• WHAT THE TASK ASKS
Would you please return the data below verbatim, without its pictures?

(Dataset records)

____

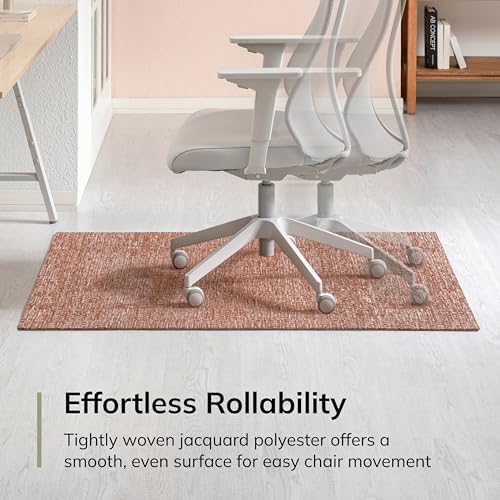 Anji Mountain 48" x 36" Rug'd Office Chair Mat for Carpet & Hardwood Floor - Image 5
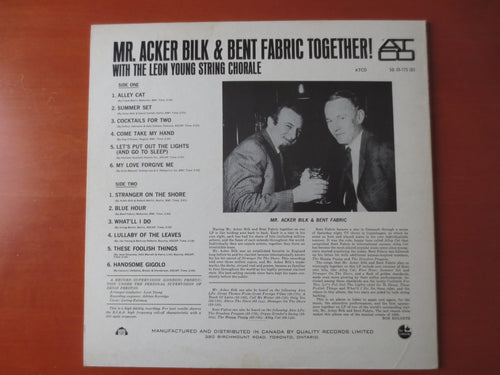 Bent Fabric & Acker Bilk – Together! (1965) Vinyl LP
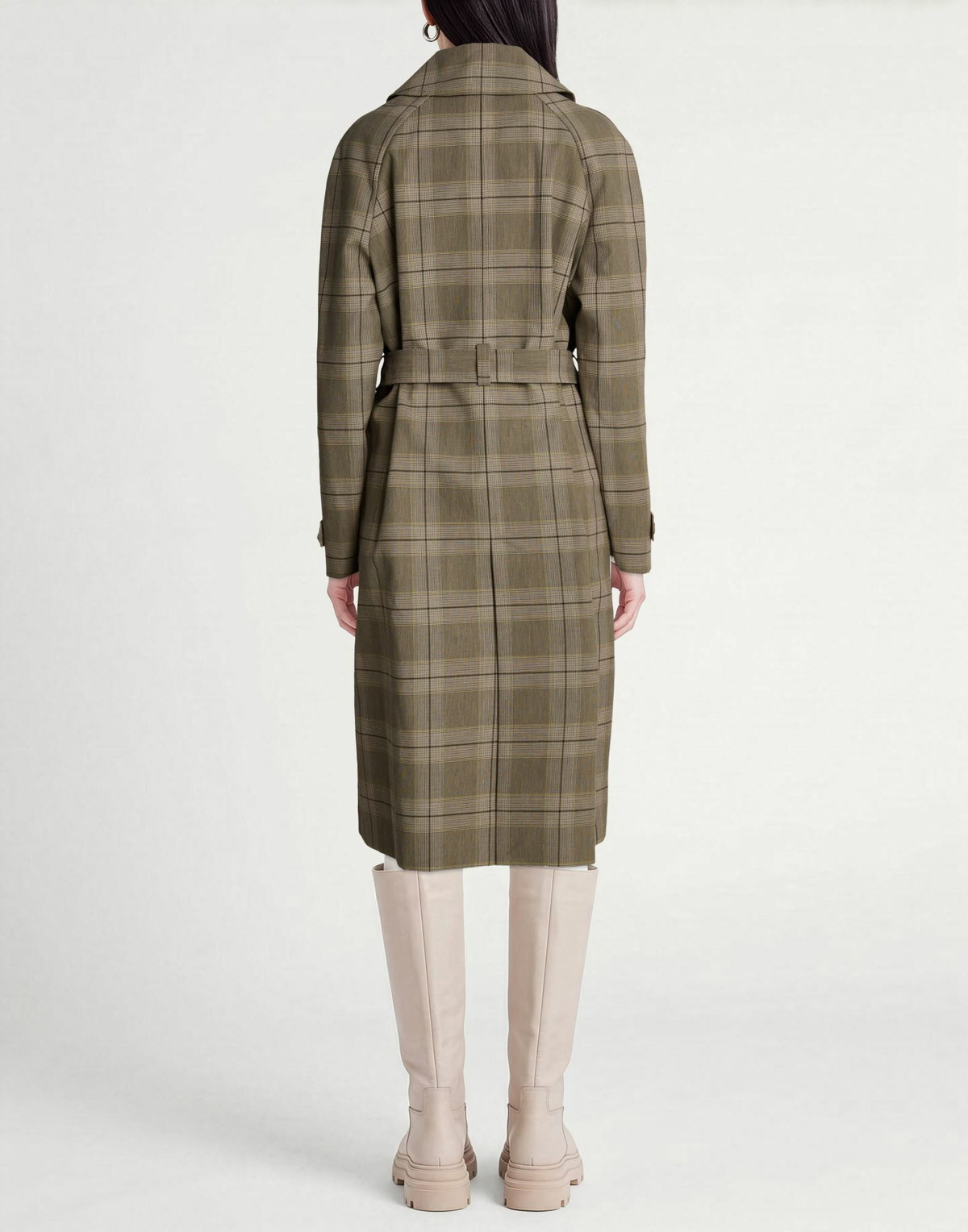 Lacoste Womens Overcoat & Trench Coat in Beige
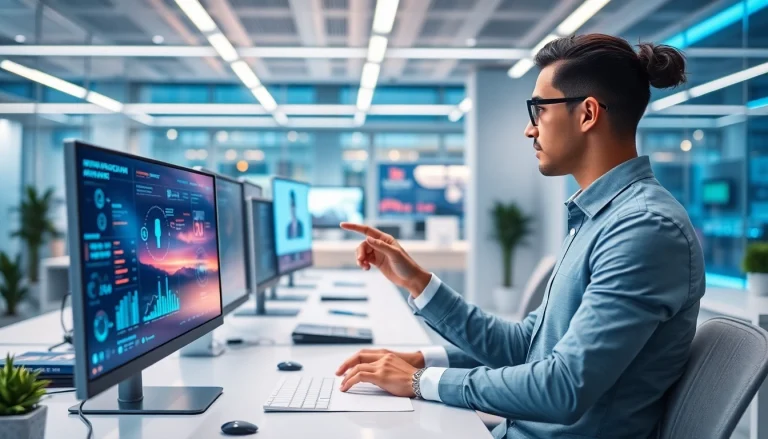 Enhance customer interactions with Sales AI automation in a modern office setup.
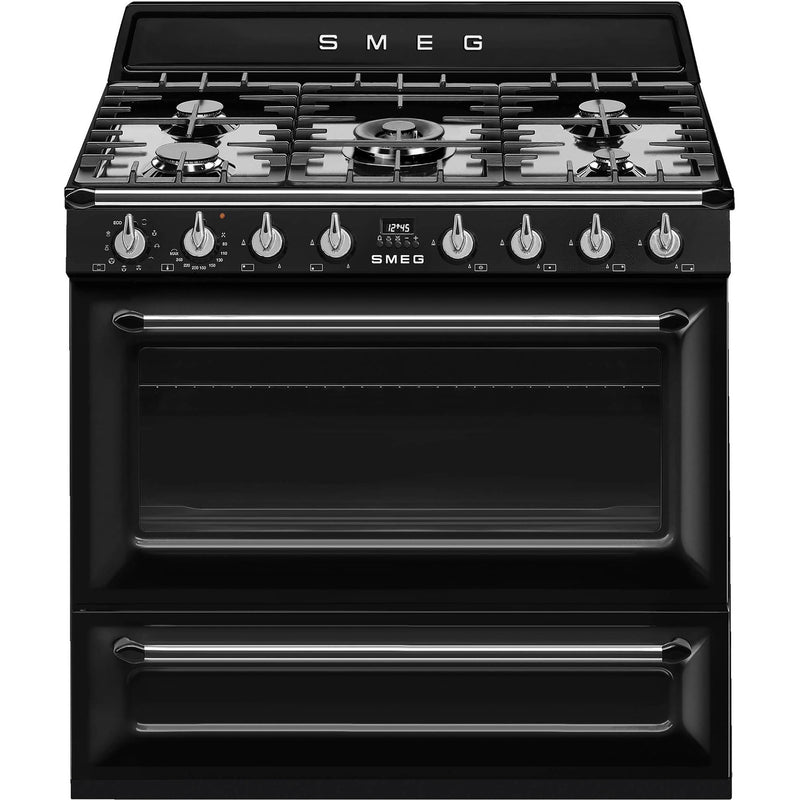 Smeg 90cm Victoria Gaskomfur m. Multifunktionsovn, Creme - Kitchen One - Køb online på udsalg og tilbud lige nu - Hurtig levering til billige priser via Go with Gozomo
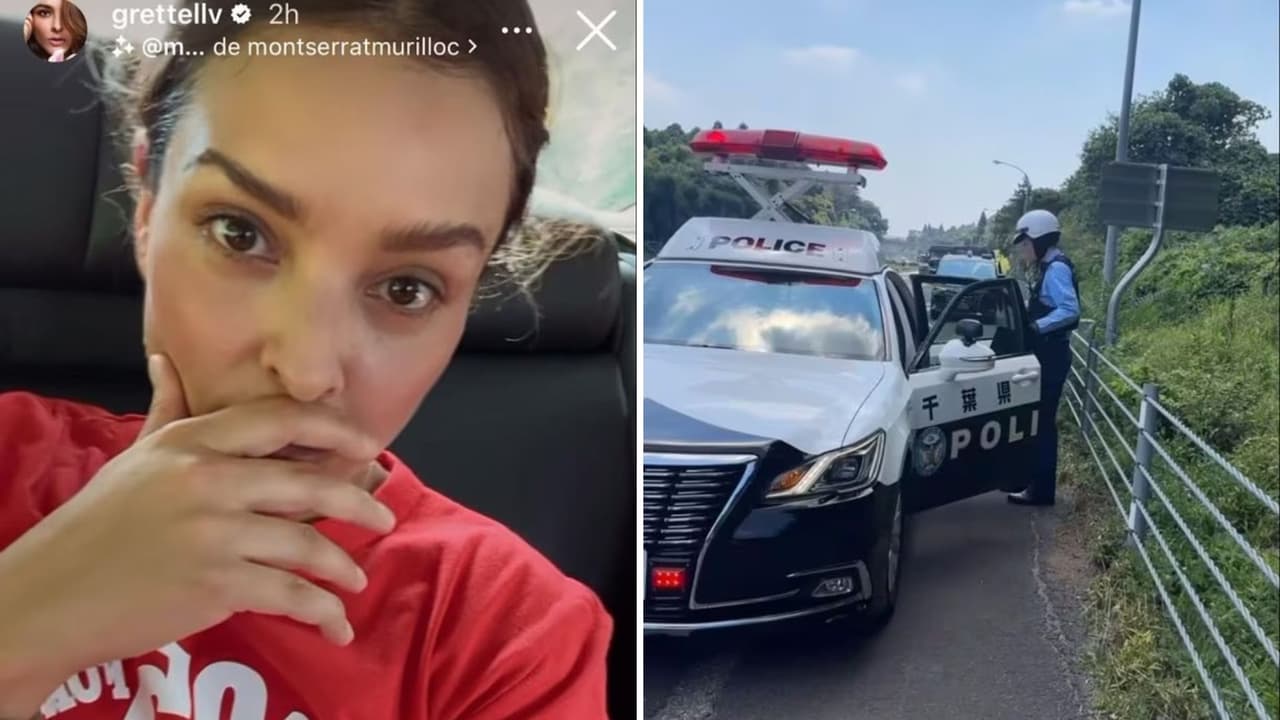 Grettell Valdez sufre incidente en Japón.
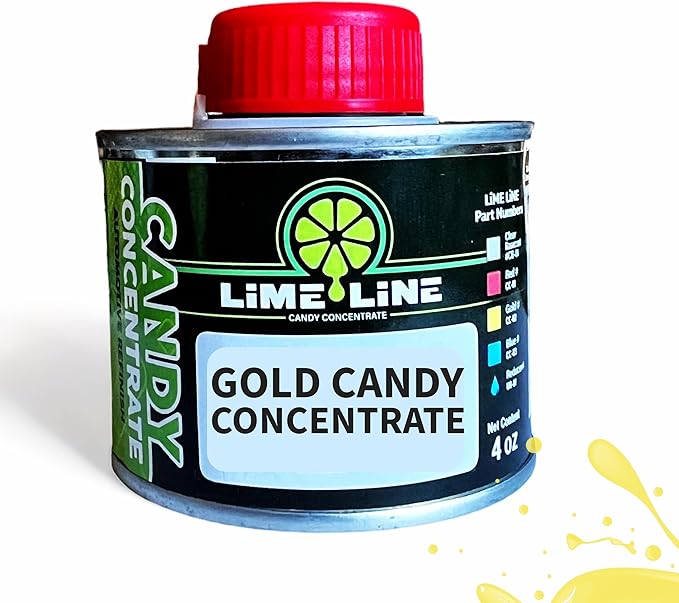 LiME LiNE 4 oz Transparent Candy Concentrate, Solvent base Automotive Paint (Gold candy 4oz)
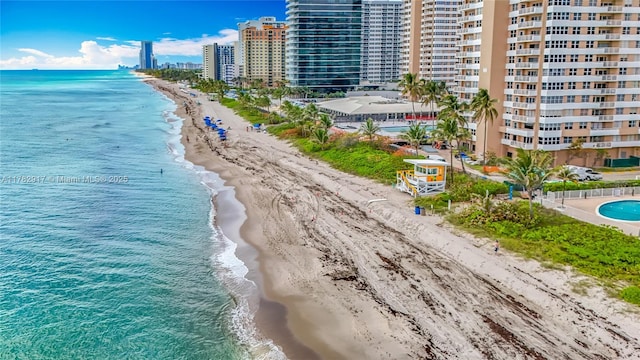 1913 S Ocean Dr Unit 110, Hallandale Beach, FL 33009 - property view of water with a beach view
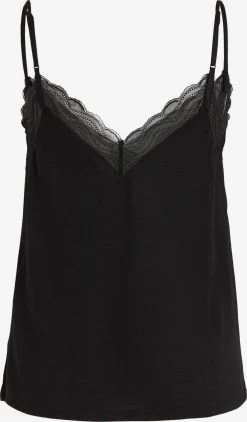 Vila Kanten Tops Top NOEL Dames Zwart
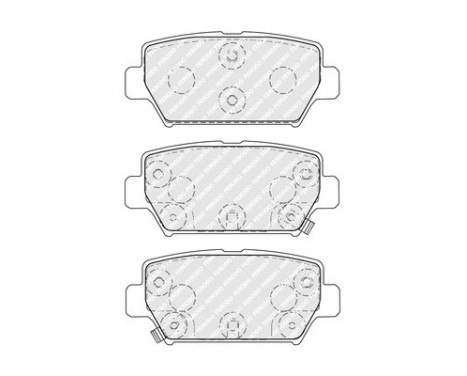 Brake pad set, disc brake FDB5406 Ferodo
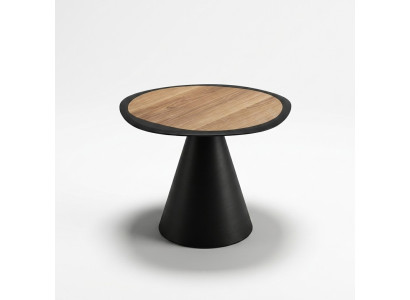 Designer coffee table side table living room black table furniture round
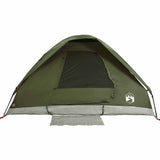 ZNTS Camping Tent Dome 4-Person Olive Green Waterproof 4009642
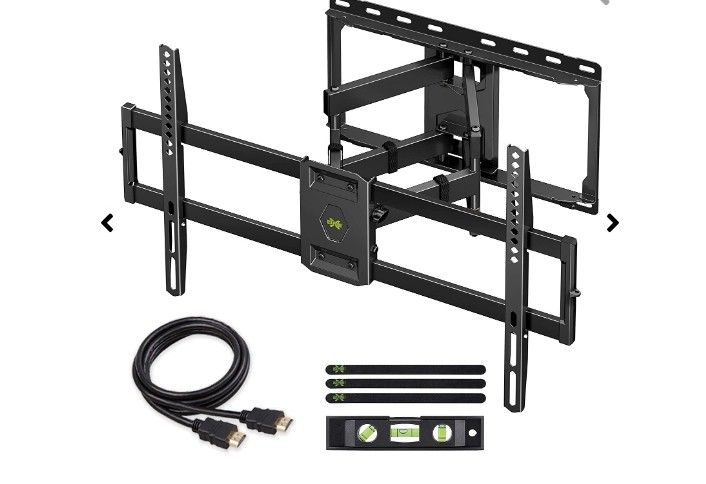 XML008-1K
USX MOUNT Full Motion TV Wall Mount

for Most 47-84 inch Flat Screen/LED/4K TVs
TV Mount Bracket Dual Swivel Articulating Tilt 6 Arms
Max VE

____

• PROBLEM SOLUTION
 Anji Mountain 48" x 36" Rug'd Office Chair Mat for Carpet & Hardwood Floor - Image 5
 Bent Fabric & Acker Bilk – Together! (1965) Vinyl LP
 Lacoste Womens Overcoat & Trench Coat in Beige
 Enhance customer interactions with Sales AI automation in a modern office setup.
 Smeg 90cm Victoria Gaskomfur m. Multifunktionsovn, Creme - Kitchen One - Køb online på udsalg og tilbud lige nu - Hurtig levering til billige priser via Go with Gozomo
 Grettell Valdez sufre incidente en Japón.
 LiME LiNE 4 oz Transparent Candy Concentrate, Solvent base Automotive Paint (Gold candy 4oz)
 1913 S Ocean Dr Unit 110, Hallandale Beach, FL 33009 - property view of water with a beach view
 Vila Kanten Tops Top NOEL Dames Zwart
 Brake pad set, disc brake FDB5406 Ferodo
 Designer coffee table side table living room black table furniture round
 ZNTS Camping Tent Dome 4-Person Olive Green Waterproof 4009642
 XML008-1K
USX MOUNT Full Motion TV Wall Mount

for Most 47-84 inch Flat Screen/LED/4K TVs
TV Mount Bracket Dual Swivel Articulating Tilt 6 Arms
Max VE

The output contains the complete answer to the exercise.